“With the lights out, it’s less dangerous
Here we are now, entertain us
I feel stupid, and contagious
Here we are now, entertain us”
(“Con la luce, è meno pericoloso
Eccoci, facci divertire
Mi sento stupido e contagioso
Eccoci, facci divertire”)
(Nirvana “Smells like teen spirit”)
Come alle volte accade, il meteo e il caso agiscono da quarta dimensione per uno spettacolo. Da un lato, un’ondata di caldo torrido ricrea la temperatura di un set cinematografico senza ombra e carico di sofferenza, di cui quelli di Pasolini erano l’antonomasia, fino a farci un film. Dall’altro, una città ostaggio di una rassegna musicale che riunisce tutti assieme i tour di qualche headliner ingozzato al pubblico dalle radio, dai talent e dalle major dello streaming, attorniato da una serie di meteore che mai conosceranno la croce e la delizia di una tribute band in proprio onore.
In questa democratura della mediocrità, evocare Orson Welles ne “La Ricotta” di Pasolini in un bagno di sudore appare un atto rivoluzionario. Ecco ciò che fa Vittorio Continelli, scrivendo e declamando “Stracci. Contro l’uomo medio”. Il monologo prevede la collaborazione alla scrittura di Riccardo Quacquarelli, in una produzione mo-wan teatro, ed è la seconda tappa del prologo della nona edizione de “Il peso della farfalla”, il festival organizzato da Punti Cospicui, di cui l’anima e il corpo è Clarissa Veronico. Il festival, oltre all’abnegazione di chi l’organizza, e l’ospitalità proattiva di un vero crocevia delle culture com’è Prinz Zaum, prevede il sostegno di Vallisa Cultura e il contributo del Comune di Bari.

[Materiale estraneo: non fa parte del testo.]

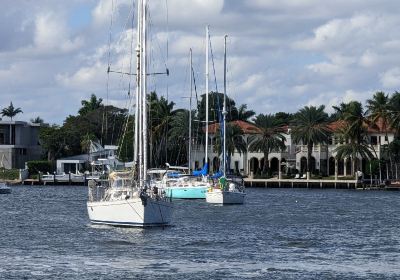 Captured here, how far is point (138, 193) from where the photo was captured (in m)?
59.6

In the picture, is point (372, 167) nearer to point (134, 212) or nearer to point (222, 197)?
point (222, 197)

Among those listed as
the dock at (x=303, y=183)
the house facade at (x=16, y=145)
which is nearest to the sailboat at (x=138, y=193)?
the dock at (x=303, y=183)

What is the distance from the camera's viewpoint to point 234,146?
164m

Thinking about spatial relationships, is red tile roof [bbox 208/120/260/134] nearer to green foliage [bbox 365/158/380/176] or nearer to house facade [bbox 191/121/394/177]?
house facade [bbox 191/121/394/177]

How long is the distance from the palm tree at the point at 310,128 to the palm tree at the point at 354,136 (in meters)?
3.01

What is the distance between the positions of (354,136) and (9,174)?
5742cm

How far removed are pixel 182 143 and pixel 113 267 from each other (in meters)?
114

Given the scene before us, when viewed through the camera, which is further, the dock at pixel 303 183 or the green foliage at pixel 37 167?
the green foliage at pixel 37 167

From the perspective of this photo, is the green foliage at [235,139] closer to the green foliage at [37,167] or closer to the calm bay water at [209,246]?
the green foliage at [37,167]

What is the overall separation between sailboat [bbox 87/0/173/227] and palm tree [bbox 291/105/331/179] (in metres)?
94.6

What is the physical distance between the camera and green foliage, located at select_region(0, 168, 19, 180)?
577 ft

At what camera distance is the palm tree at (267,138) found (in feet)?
536

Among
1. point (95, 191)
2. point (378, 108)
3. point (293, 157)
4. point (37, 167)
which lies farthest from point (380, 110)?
point (95, 191)

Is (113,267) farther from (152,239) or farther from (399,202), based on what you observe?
(399,202) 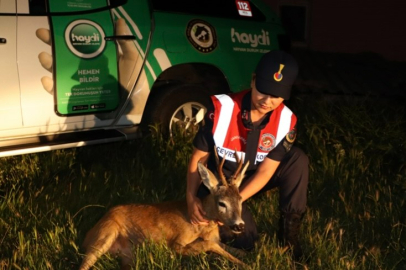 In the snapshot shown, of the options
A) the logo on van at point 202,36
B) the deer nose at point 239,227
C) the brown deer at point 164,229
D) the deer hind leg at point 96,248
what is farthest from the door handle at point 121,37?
the deer nose at point 239,227

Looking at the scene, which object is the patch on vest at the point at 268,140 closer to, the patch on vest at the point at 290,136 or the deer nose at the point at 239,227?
the patch on vest at the point at 290,136

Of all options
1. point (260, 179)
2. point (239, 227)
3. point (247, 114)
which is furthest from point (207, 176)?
point (247, 114)

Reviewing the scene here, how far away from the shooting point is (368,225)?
530 cm

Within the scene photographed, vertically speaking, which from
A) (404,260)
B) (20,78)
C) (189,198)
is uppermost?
(20,78)

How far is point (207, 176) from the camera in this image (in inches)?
175

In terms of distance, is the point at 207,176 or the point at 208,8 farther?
the point at 208,8

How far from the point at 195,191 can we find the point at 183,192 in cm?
122

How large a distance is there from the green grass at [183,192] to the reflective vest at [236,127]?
2.06 ft

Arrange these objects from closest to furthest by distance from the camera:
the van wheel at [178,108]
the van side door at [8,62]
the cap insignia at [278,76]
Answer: the cap insignia at [278,76]
the van side door at [8,62]
the van wheel at [178,108]

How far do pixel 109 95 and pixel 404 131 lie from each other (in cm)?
280

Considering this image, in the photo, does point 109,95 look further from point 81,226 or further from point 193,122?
point 81,226

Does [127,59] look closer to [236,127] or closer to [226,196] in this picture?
[236,127]

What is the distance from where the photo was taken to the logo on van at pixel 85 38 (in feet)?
20.6

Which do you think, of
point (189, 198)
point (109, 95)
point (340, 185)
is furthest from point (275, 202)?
point (109, 95)
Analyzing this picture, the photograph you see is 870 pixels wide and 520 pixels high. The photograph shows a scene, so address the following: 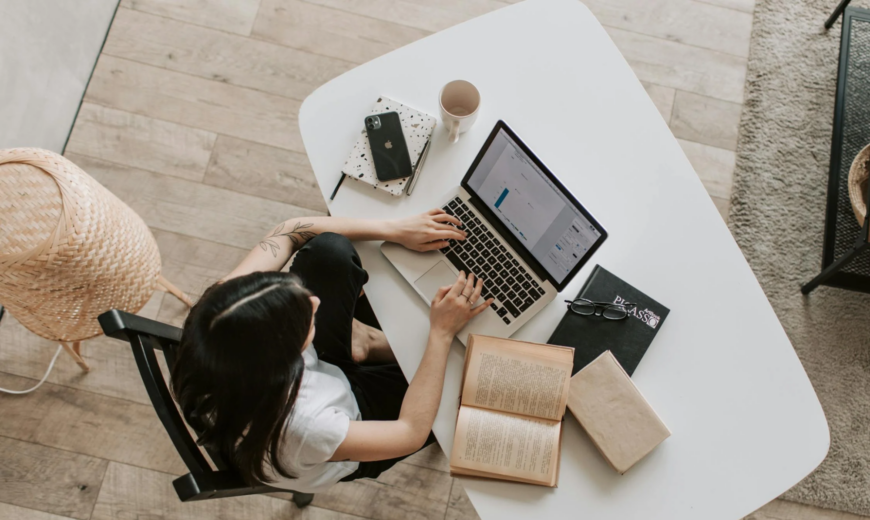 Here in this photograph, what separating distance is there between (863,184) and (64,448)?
7.76 ft

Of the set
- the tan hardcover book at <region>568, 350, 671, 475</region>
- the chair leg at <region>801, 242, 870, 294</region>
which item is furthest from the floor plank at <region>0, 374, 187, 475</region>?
the chair leg at <region>801, 242, 870, 294</region>

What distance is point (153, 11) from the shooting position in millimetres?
1948

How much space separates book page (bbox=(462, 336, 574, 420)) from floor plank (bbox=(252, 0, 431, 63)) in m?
1.30

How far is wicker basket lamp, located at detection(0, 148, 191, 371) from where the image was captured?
115 centimetres

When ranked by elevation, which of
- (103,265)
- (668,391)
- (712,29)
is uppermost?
(712,29)

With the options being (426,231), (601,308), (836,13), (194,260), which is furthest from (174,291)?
(836,13)

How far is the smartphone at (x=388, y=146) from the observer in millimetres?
1133

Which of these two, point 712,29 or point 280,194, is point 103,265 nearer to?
point 280,194

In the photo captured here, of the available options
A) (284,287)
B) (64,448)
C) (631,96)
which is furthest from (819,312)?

La storia è quella di Stracci, come lo chiamano nell’ambiente, una comparsa più o meno habitué dei set cinematografici, un miserabile padre di famiglia, affamato, il cibo usato per il ludibrio dei presenti, fino a quando lo stesso Stracci non schiatta per un’indigestione. Una storia che sembra una macabra striscia di un cartone animato splatter in bianco e nero, ma che apre decine di scenari che paiono ciascuno un comizio: la cristologia di Pasolini e la crocifissione come atto di scherno estremo a monito di un intero popolo; l’esaltazione di una comparsa, che come tale si sente un grande talento in nuce; la gloria maldestra di questa stessa comparsa nei confronti di un pubblico casuale, assurta al pari di un grande attore, un “uno vale uno” che in Italia vediamo da più di quarant’anni. La trasposizione di questo “uno vale uno” dallo spettacolo alla società e alla politica è il prodotto ultimo dello stato di cose preconizzato da Pasolini e declamato da Continelli, parabole autodistruttive o di obsolescenza programmata incluse. Uno vale uno, mentre altri, pochi, valgono il potere della moltitudine, distaccandosi finanche dal concetto di rappresentanza. La digressione fino al fuori traccia è sempre in agguato.
Per fortuna o purtroppo, il sacrificio estremo di Pasolini, in un luogo affollato e desolato come un set cinematografico, un altro, ben noto ludibrio, non più nella finzione ma nella realtà, con le coscienze ammantate dal buio della notte, riporta la trattazione sul binario.
Fa caldo, farà sempre più caldo, ma la croce è già il posto più caldo.